Norwegian Farmhouses


 


Folk museum at Oslo

Vagamo

Lom

Near Oye

Maihaugen

Maihaugen


Sod Roof

The three traditional roofing materials in this area were slate, wood shake, and sod. However, precisely cut slate tiles were expensive, and in the absence of nails, it was not easy to keep wood shake permanently in place. Iron was available but nails were scarce and not often used as fasteners. Iron was more often used for hinges and supports around fireplaces. Made of soil and turf which were readily available and requiring less manual labor to install, sod roofs became the obvious choice and the most common roof in this area to protect against the combined threat of wind, sun and water. Nonetheless, sod roofs required special materials and knowledge to install, and would be required to be upgraded and reinstalled over time.

The base of any roof was supported by logs placed about 24" on center, with wood planks about 2" thick placed above. To support the short overhang at the low end of the gable roof, outrigger beams were cut into the top of the wall logs and the direction of the roof planks were perpendicular to the roof slope. Some houses had a right angle key at the end of the outrigger to support the fascia board. This end of the roof fascia board supports the weight of about 4" soil and turf with water in it and keeps the sod from sliding off the roof.
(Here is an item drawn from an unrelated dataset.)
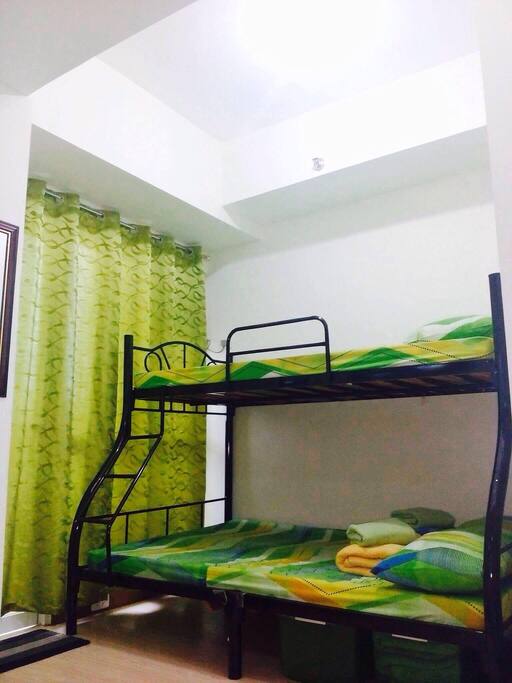 studio room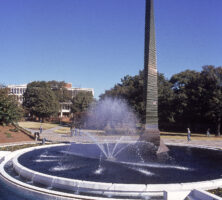 Kessler Campanile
The sod roof is a particular and unique feature in the traditional Norwegian farmhouse, providing several benefits beyond availability of materials and ease of construction:
  1. Thermal insulation against bitter winter cold;
  2. Thermal insulation against humid summer heat and shade from the summer sun;
  3. Moisture retention and weight to hold the water-repellant birch bark underneath;
  4. Water shedding properties.

The traditional sod roof was constructed in three layers, beginning with a bottom layer of water repellant birch bark. Prior to the use of oil based, waterproof membranes, birch bark was readily available and water repellant, as long as it was kept moist. The oil in the bark itself protected against moisture, kept cracking to a minimum, and kept the bark's water shedding properties alive. Birch trees that grow in this area tend to be quite narrow and so the strips of bark were layered to reduce gaps and the possibility of leakage.

Grass growing on the roof is important because their roots will act as binder for the soil. Without it, the soil will wash off with heavy rain and sliding snow. During winter, the grass will be dormant but the roots will continue to hold the soil together. Under the freezing temperature, the water in the soil will freeze. Snow could cumulate up to 8 meters in the area and will actually act as insulation keeping the heat within the building.